Saturday, September 23, 2006

Constellation No. 2

"On such occasions I felt ashamed of myself and went about Peiskam with my head low, but I was ashamed only in front of Frau Kienesberger, nobody else, because in the meantime I had become supremely indifferent to everyone else. I had no explanation to offer, for the word despair would have been just as ludicrous as the word mad. I couldn't expect somebody like Frau Kienesberger to take it seriously. It's hard enough to convince oneself by using such words, let alone a difficult person like Frau Kienesberger, who is anything but simple; people are always talking about simple folk, yet nobody is more difficult, more complicated indeed, than these so-called simple folk. One can't expect them to take words like despair and mad seriously. So-called simple people are in reality the most complicated people, and I find it increasingly difficult to get on with them."

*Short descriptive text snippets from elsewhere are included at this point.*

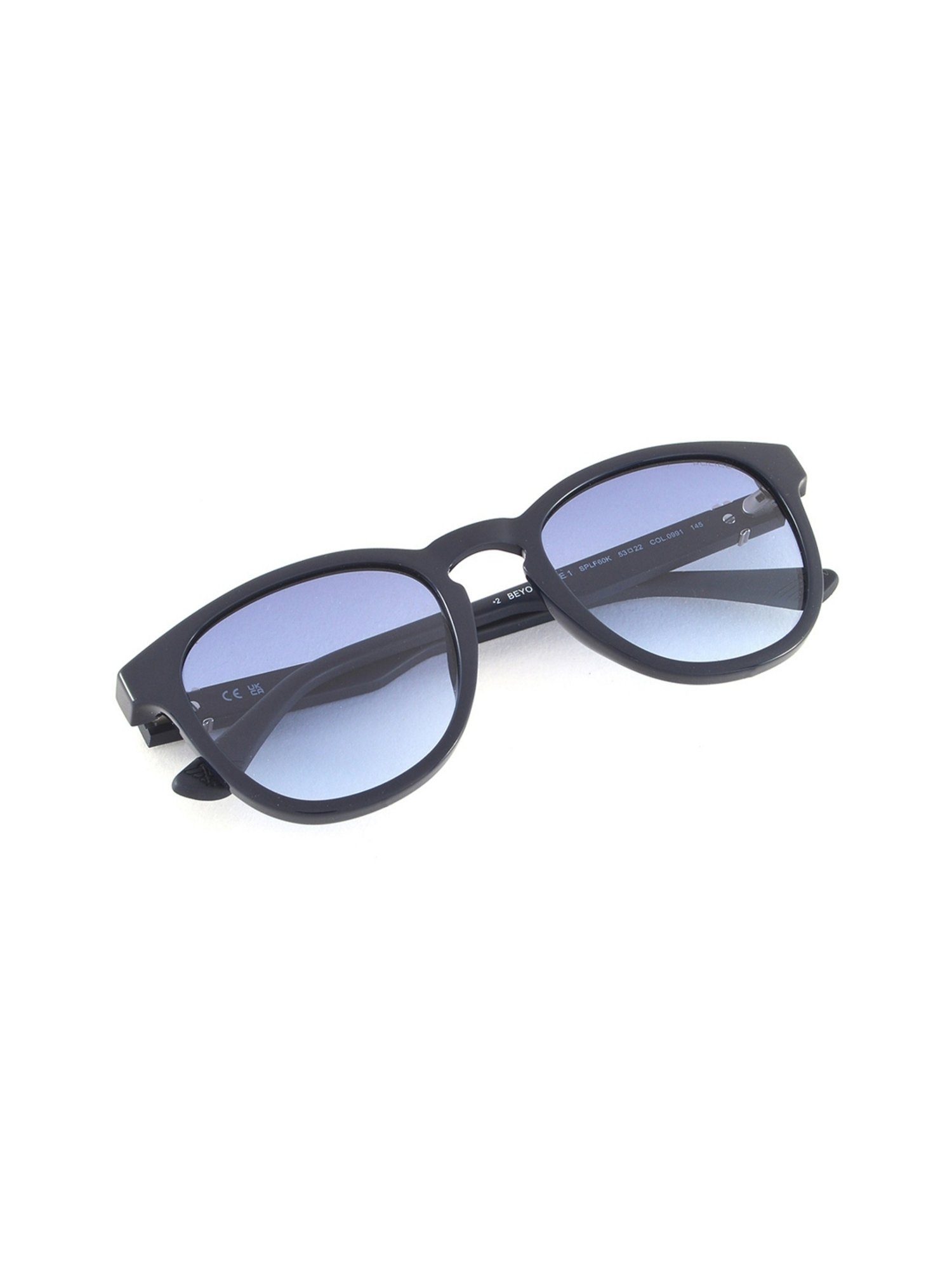 Police Blue Oval Sunglasses for Men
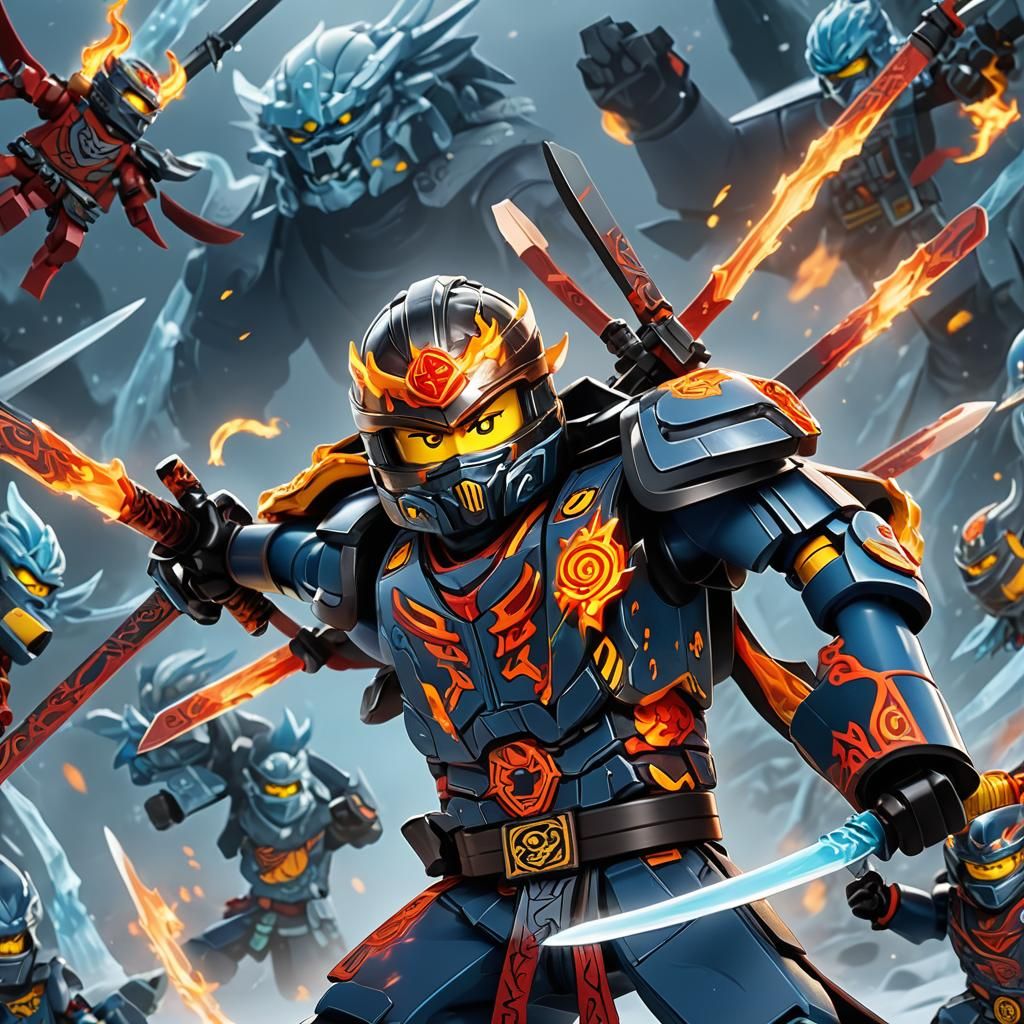 Kai from Lego Ninjago Anime Concept Art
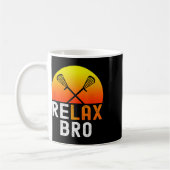 Relax Bro Stick Funny Lacrosse Player Game Kaffeetasse (Links)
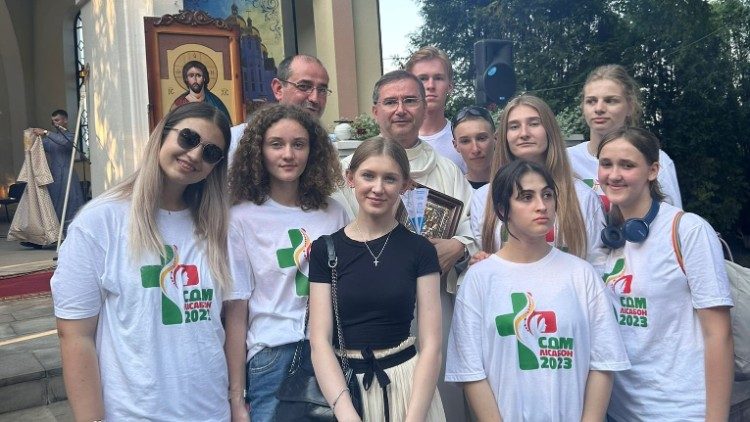 Delegacja ŚDM z młodymi z Ukrainy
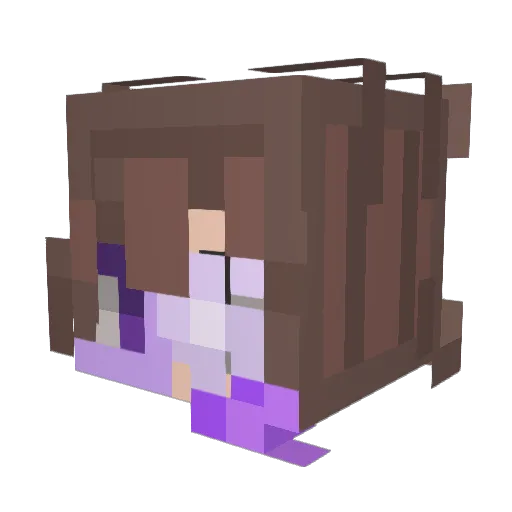 Kryptoy Minecraft avatar head, 3D render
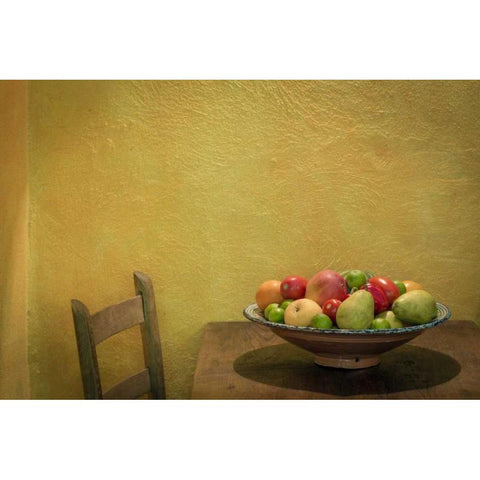 Mexico, San Miguel de Allende Fruit bowl White Modern Wood Framed Art Print by Paulson, Don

Thomas Bernhard, Concrete (1982), translated by David McLintock (New York, 1984): pp. 98-99.


"'You describe him as a kind of automatic dummy, with a mental antenna that responds to junk in the air--more precisely, to junk in the air that is blowing around more and more obviously, getting more and more widely accepted--and who thinks that that antenna is the most important part of the radio of his brain, its function being receiver as well as transmitter. What is so new about that?'

He is not a dummy, and his mind is far from being simple.

'Yes, I know your argument: that simple people are not simple at all; that, as a matter of fact, they are very complex--'

And that people's minds are becoming more and more complex, which does not of course mean that they are becoming more intelligent."

John Lukacs, "1966" from A Thread of Years (New Haven, 1999): p. 454-5.